Züblin constructs ‘world first’ load-bearing concrete walls with 3D printer

Züblin, a Germany-based construction engineering company and subsidiary of Putzmeister and Strabag, announced it constructed a building from a single 3D print with load-bearing concrete walls; a ‘world first’ according to the company.

A 3D printed warehouse for Strabag (Image: Putzmeister) Züblin uses a Putzmeister 3D printer to construct a warehouse for Strabag in Germany (Image: Putzmeister)

The building is Strabag Baumaschinentechnik International’s newest warehouse in Stuttgart, Germany, and its construction will both create a new facility for Strabag while testing Züblin’s 3D printing capabilities and processes.

Using Putzmeister’s KARLOS mobile concrete printer, the machine’s mast boom has a 26-metre reach. It’s extensive span, Züblin said, allows the application of “concrete in several layers precisely on the basis of a predefined and digital blueprint via a special print head.”

Until now, the challenges of 3D concrete printing have mainly been the lack of scalability of the technology for large-scale projects. “Printing has mainly been done with so-called portal printers, which are limited to the production of smaller buildings,” said Züblin.

The company added that KARLOS allows more flexibility and range, which provides the potential for scalability – even for large-scale projects.

Strabag's 3D-printed warehouse (Image: Putzmeister) The finished Strabag warehouse after KARLOS, a Putzmeister 3D printer, delivered the concrete paste. (Image: Putzmeister)

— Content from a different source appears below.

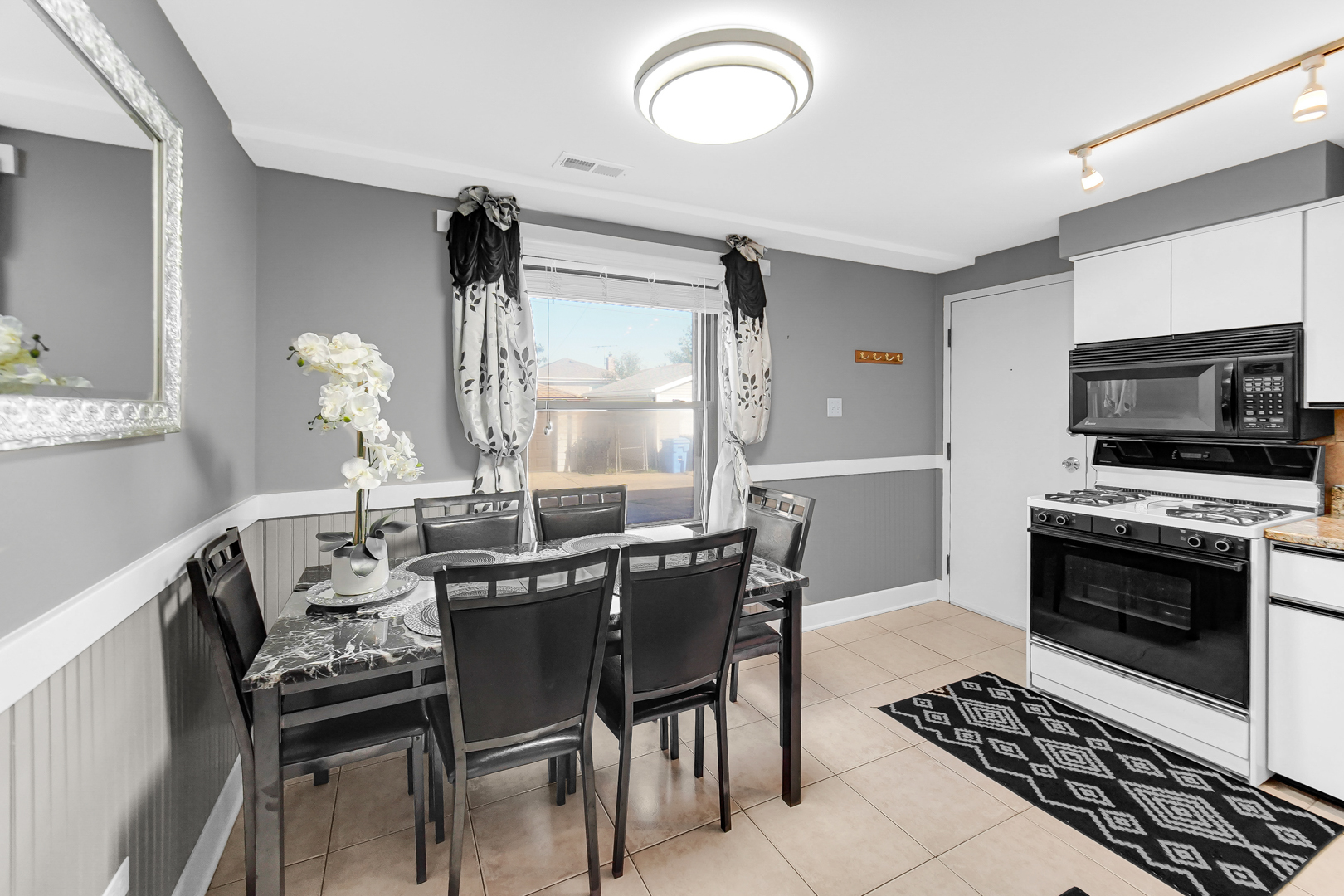 4553 W 56th Street Unit: 112B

Delivering cementitious paste in a rectangular method, much like the form of a brick (as opposed to a rounded edge like most 3D concrete printers), the squared walls are able to support the weight of the building.

Combined with electrification, digital planning, and use of a BIM model on this project, Züblin said it’s hoping to develop novel construction methods for the future.

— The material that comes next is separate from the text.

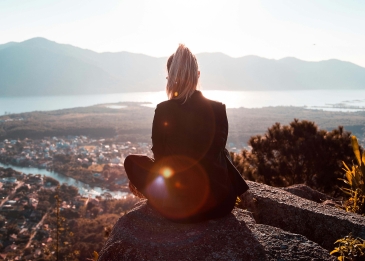 Otrovert Yang Tidak Berbaur images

“The combination of the production steps from the digital planning of the BIM model (Building Information Modelling) to the implementation by 3D printer revolutionizes the processes in construction. Work processes are significantly streamlined and accelerated by automation,” said the company.

“In addition to the complete elimination of formwork work, the economic and ecological advantages of the method include the production of solid wall cross-sections in a single operation and the use of CO2-reduced concretes.

“By using only green electricity for the all-electric machine and using CO2-reduced concretes, Züblin and Putzmeister are making an important contribution to making building construction more sustainable in the future.”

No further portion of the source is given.